**TO DO:**
Quote exactly and only this range of lines in the data below: the line that holds "Vintage 1970s smoked" to the line that holds "Affiche la Fée", both included.

Stored data

━━━━━━

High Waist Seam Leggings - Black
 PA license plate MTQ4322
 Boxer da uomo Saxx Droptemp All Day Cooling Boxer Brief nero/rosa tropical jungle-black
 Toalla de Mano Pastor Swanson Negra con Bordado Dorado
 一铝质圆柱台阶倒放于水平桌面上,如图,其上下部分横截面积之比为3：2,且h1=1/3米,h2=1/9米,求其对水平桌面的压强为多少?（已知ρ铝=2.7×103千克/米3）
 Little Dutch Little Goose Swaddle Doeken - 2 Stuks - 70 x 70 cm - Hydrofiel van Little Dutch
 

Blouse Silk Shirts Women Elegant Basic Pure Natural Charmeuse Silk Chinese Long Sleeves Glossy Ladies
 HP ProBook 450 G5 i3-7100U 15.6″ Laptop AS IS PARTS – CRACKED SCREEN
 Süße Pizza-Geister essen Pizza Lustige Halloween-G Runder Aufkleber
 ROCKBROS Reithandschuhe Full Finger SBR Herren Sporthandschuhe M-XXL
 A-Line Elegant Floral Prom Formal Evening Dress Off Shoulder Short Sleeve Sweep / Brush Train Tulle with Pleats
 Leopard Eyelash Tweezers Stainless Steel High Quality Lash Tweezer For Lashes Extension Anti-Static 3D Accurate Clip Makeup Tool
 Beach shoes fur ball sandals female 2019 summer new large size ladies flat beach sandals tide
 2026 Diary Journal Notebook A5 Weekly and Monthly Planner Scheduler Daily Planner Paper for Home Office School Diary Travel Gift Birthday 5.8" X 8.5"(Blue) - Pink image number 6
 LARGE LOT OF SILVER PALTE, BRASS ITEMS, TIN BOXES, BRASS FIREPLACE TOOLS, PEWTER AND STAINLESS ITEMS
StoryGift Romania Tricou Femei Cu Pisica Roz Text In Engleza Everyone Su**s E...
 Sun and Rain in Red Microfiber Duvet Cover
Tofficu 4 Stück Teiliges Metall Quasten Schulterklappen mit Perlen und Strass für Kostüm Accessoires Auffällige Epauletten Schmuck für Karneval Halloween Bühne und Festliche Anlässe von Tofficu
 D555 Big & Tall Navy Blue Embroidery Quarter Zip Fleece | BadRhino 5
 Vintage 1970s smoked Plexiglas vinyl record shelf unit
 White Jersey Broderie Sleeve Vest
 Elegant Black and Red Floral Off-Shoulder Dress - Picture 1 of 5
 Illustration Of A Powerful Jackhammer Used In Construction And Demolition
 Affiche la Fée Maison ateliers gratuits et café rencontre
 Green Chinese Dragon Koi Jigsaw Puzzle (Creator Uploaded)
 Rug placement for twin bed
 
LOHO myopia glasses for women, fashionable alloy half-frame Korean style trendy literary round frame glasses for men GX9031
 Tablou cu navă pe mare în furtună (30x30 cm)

━━━━━━

**SOLUTION TO THE EXERCISE:**
 Vintage 1970s smoked Plexiglas vinyl record shelf unit
 White Jersey Broderie Sleeve Vest
 Elegant Black and Red Floral Off-Shoulder Dress - Picture 1 of 5
 Illustration Of A Powerful Jackhammer Used In Construction And Demolition
 Affiche la Fée Maison ateliers gratuits et café rencontre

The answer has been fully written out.